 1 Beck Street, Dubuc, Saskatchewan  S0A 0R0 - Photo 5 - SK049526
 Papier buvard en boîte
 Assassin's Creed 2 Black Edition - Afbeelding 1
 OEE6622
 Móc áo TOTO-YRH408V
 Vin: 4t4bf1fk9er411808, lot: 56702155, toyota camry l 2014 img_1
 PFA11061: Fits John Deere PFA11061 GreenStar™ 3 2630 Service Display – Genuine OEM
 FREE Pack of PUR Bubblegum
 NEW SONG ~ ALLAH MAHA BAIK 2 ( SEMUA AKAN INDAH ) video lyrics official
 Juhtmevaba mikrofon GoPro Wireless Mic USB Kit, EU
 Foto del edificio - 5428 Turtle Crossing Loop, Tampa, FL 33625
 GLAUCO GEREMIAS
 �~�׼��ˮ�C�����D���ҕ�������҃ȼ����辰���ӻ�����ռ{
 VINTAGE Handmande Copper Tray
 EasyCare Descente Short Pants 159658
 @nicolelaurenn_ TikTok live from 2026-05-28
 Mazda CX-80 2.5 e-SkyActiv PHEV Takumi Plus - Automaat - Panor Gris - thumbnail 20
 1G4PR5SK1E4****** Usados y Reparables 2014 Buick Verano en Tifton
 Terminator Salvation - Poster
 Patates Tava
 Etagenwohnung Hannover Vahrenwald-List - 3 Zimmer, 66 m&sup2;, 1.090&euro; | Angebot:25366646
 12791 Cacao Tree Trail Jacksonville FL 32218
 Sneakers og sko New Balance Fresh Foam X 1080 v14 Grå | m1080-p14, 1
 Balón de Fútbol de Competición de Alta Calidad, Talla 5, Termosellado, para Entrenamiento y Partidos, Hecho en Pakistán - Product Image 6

=====

WORK INSTRUCTION — Write out exactly the lines that fall from the line with "NEW SONG ~ ALLAH" to the line with "EasyCare Descente Short Pants 159658" in the records above, keeping both ends.

ANSWER SECTION —
 NEW SONG ~ ALLAH MAHA BAIK 2 ( SEMUA AKAN INDAH ) video lyrics official
 Juhtmevaba mikrofon GoPro Wireless Mic USB Kit, EU
 Foto del edificio - 5428 Turtle Crossing Loop, Tampa, FL 33625
 GLAUCO GEREMIAS
 �~�׼��ˮ�C�����D���ҕ�������҃ȼ����辰���ӻ�����ռ{
 VINTAGE Handmande Copper Tray
 EasyCare Descente Short Pants 159658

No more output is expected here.